■ Your task: Return every record below exactly as given, images excluded.

■ Extracted records:

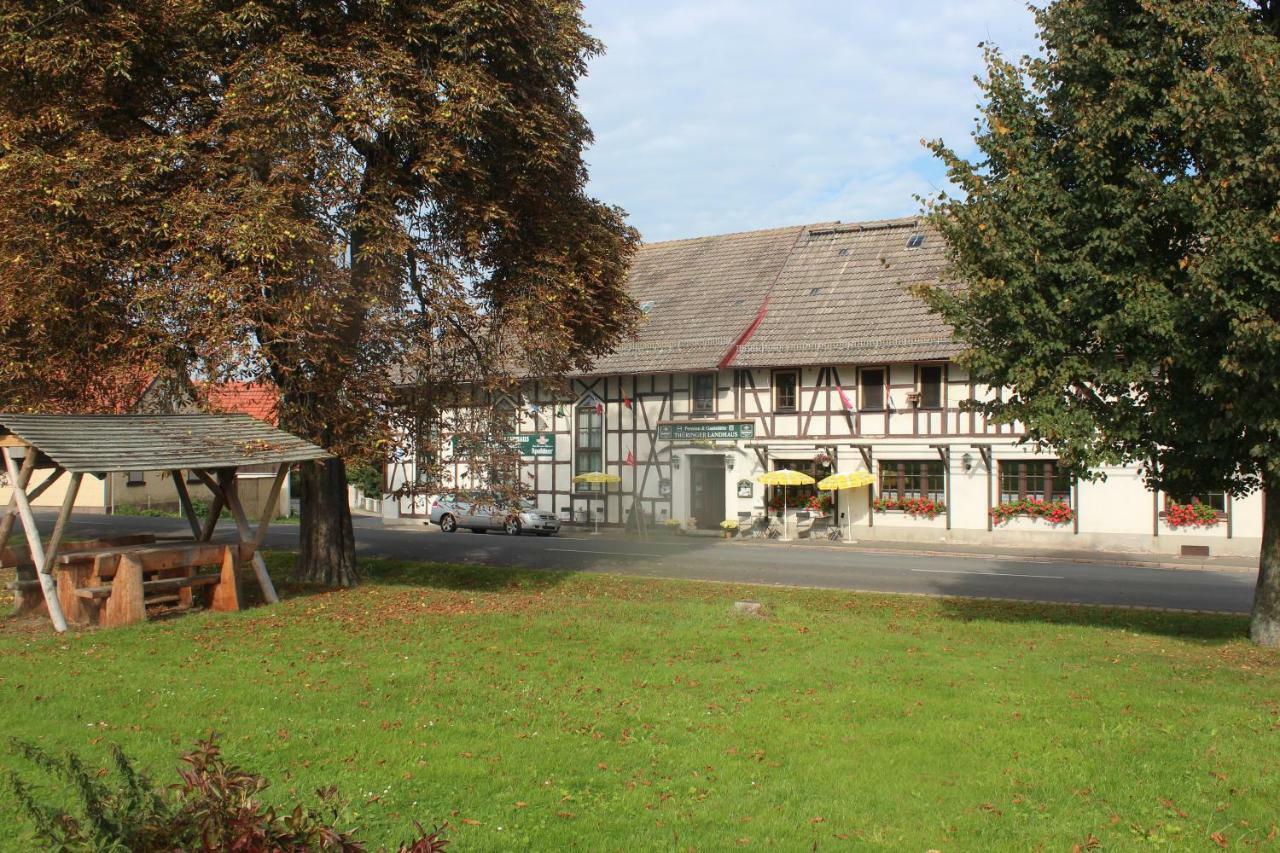 Thueringer Landhaus Allmenhausen Экстерьер фото
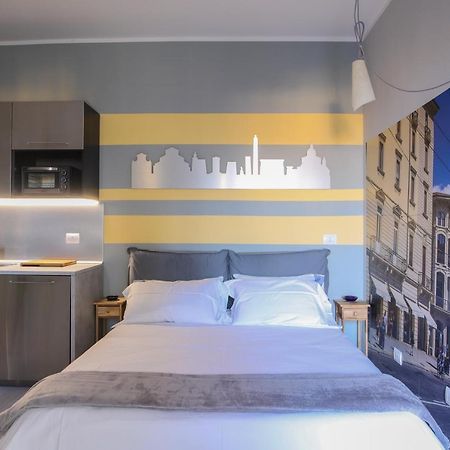 Central Apartment Close To Food And Shopping 博洛尼亚 外观 照片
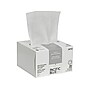 Pacific Blue Basic AccuWipe Fiber/Bagasse Cleaning Wipers, 7.9" x 4.5", White, 280 Wipers/Box, 60/Carton (29712CT)~#|#~sp147492699_sc7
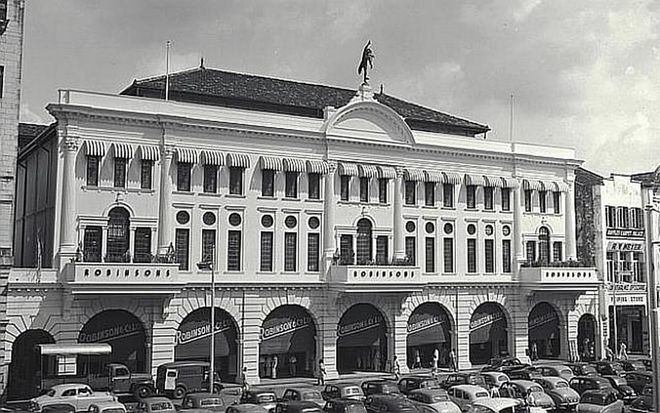 Robinsons Building at Raffles Place (Photo: ST Archive)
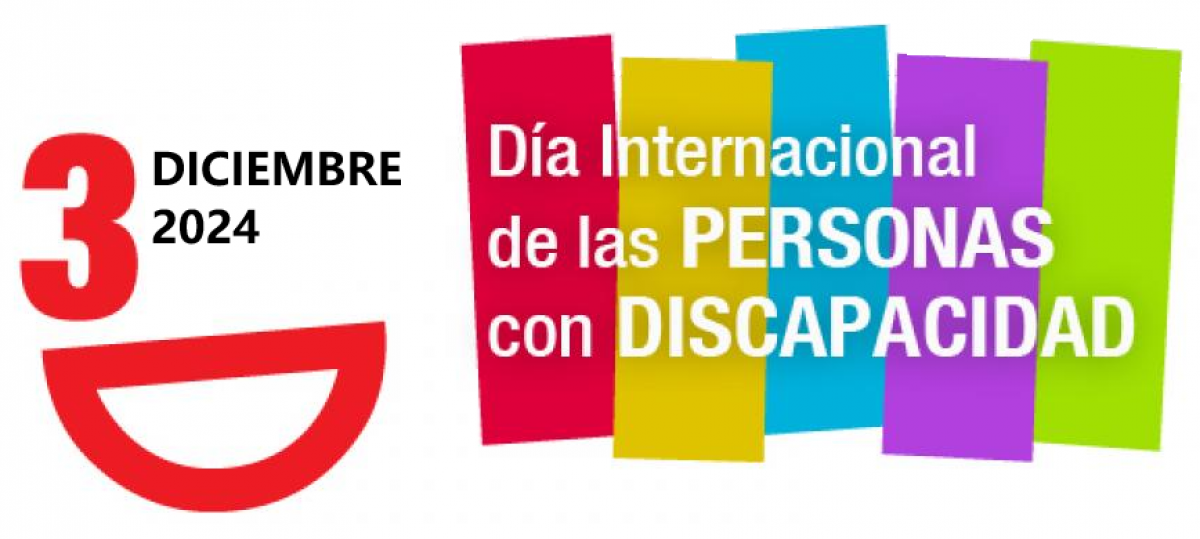 3 de diciembre Da Internacional de las Personas con Discapacidad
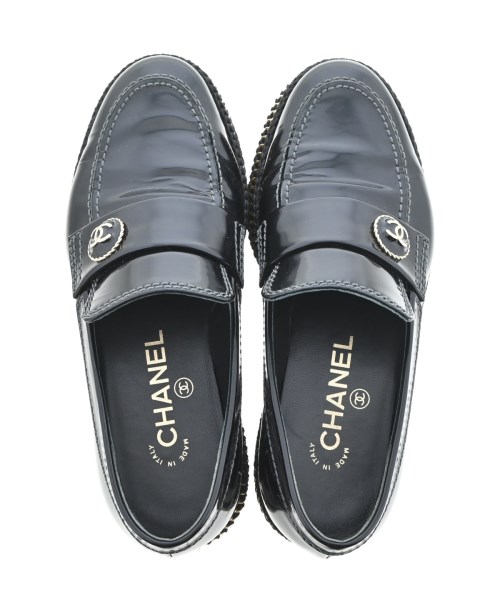 CHANEL（シャネル）ドレスシューズ/ローファー 黒 サイズ:35 1/2(22cm位) レディース/2200713572018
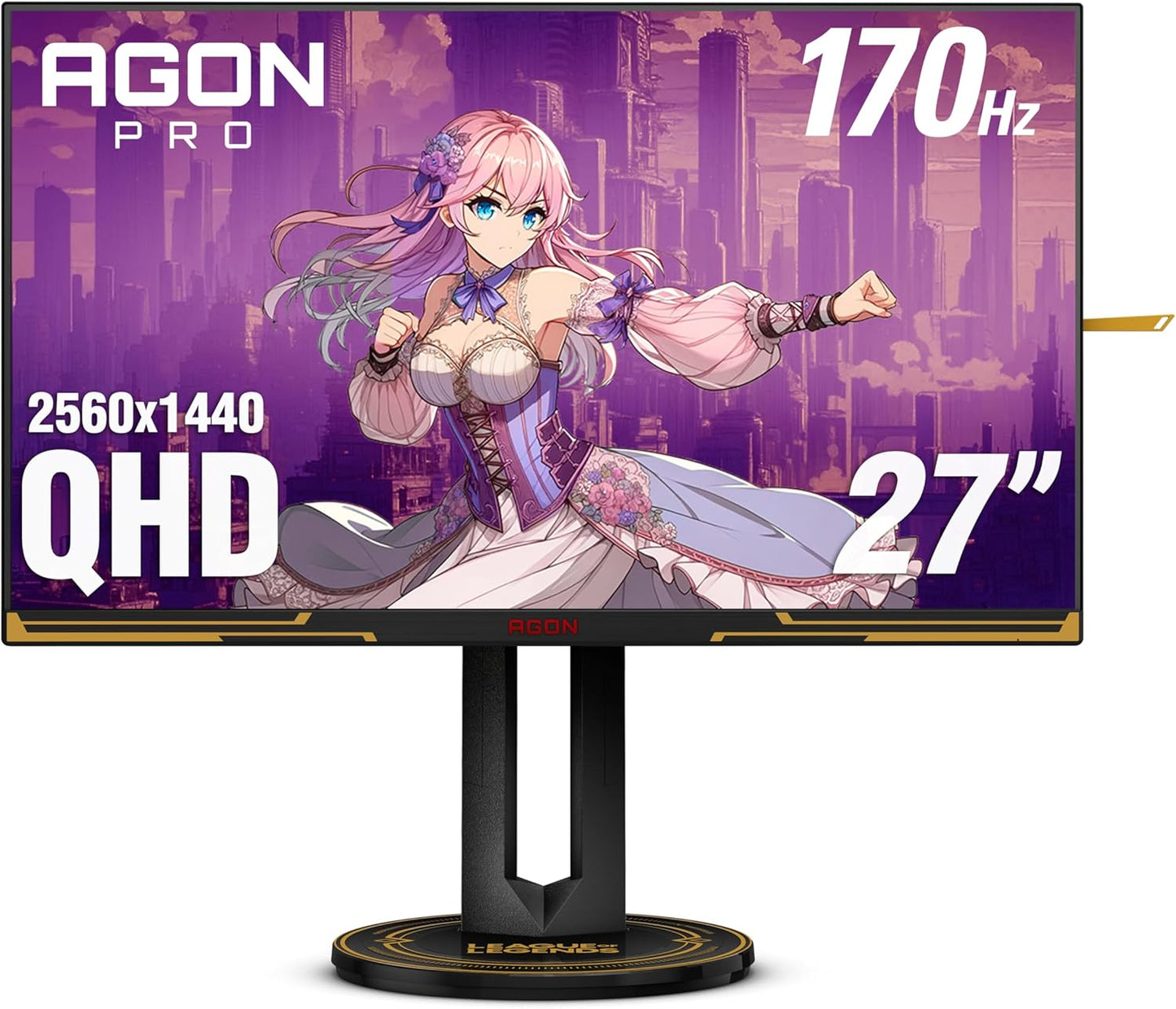 AOC AG275QXL Agon PRO 27" 2K 170Hz Gaming Monitor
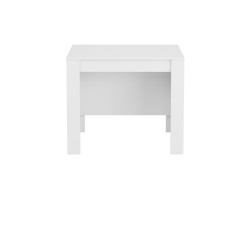 Mesa comedor-Consola Kendra extensible blanco brillo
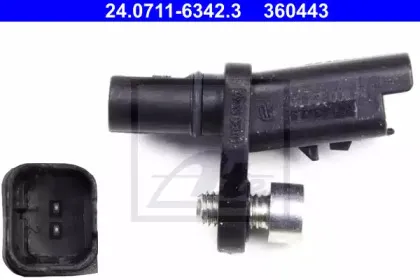24.0711-6342.3 ATE Датчик, частота вращения колеса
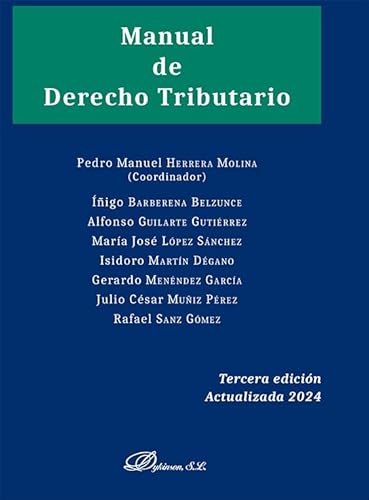 Manual de Derecho Tributario von Editorial Dykinson, S.L.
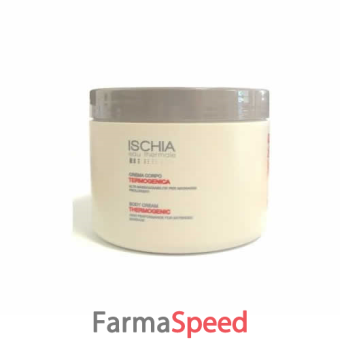 ischia spa massage crema per massaggi termogenica 500 ml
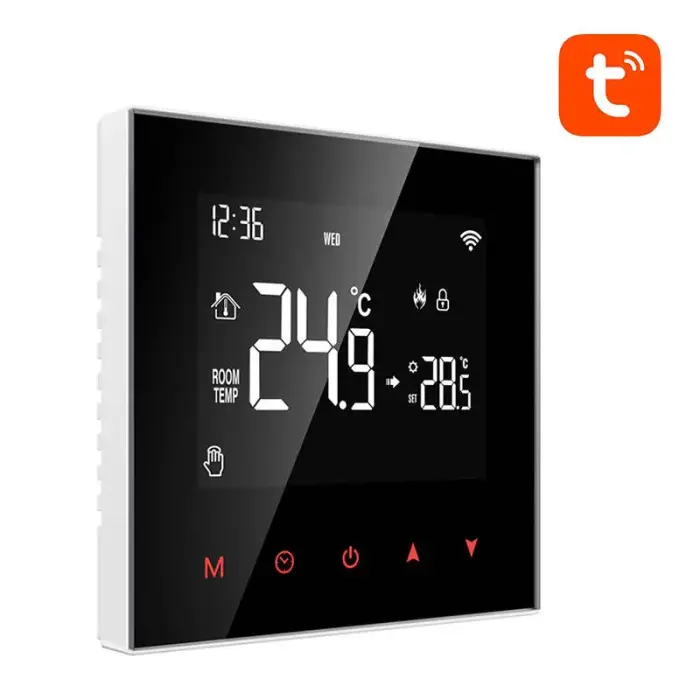 Smart Water Heating Thermostat Avatto WT100 3A WiFi Tuya Foto 3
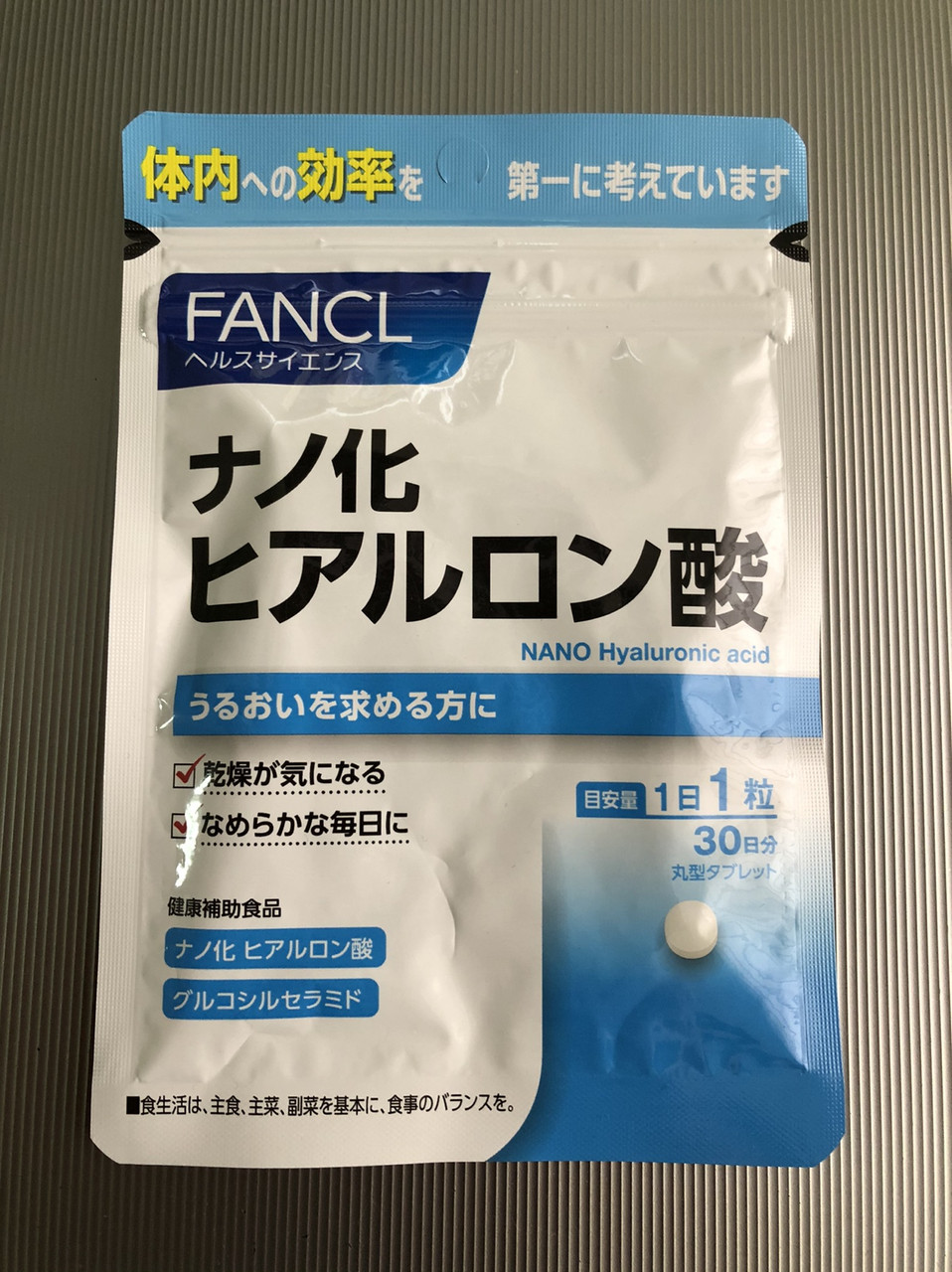 

Гиалуроновая кислота. Fancl Hyaluronic Acid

■ Answer:
 Thueringer Landhaus Allmenhausen Экстерьер фото
 Central Apartment Close To Food And Shopping 博洛尼亚 外观 照片
 Pacific Blue Basic AccuWipe Fiber/Bagasse Cleaning Wipers, 7.9" x 4.5", White, 280 Wipers/Box, 60/Carton (29712CT)~#|#~sp147492699_sc7
 Robinsons Building at Raffles Place (Photo: ST Archive)
 3 de diciembre Da Internacional de las Personas con Discapacidad
 CHANEL（シャネル）ドレスシューズ/ローファー 黒 サイズ:35 1/2(22cm位) レディース/2200713572018
 AOC AG275QXL Agon PRO 27" 2K 170Hz Gaming Monitor
 Mesa comedor-Consola Kendra extensible blanco brillo
24.0711-6342.3 ATE Датчик, частота вращения колеса
 Manual de Derecho Tributario von Editorial Dykinson, S.L.
 ischia spa massage crema per massaggi termogenica 500 ml
 Smart Water Heating Thermostat Avatto WT100 3A WiFi Tuya Foto 3

Гиалуроновая кислота. Fancl Hyaluronic Acid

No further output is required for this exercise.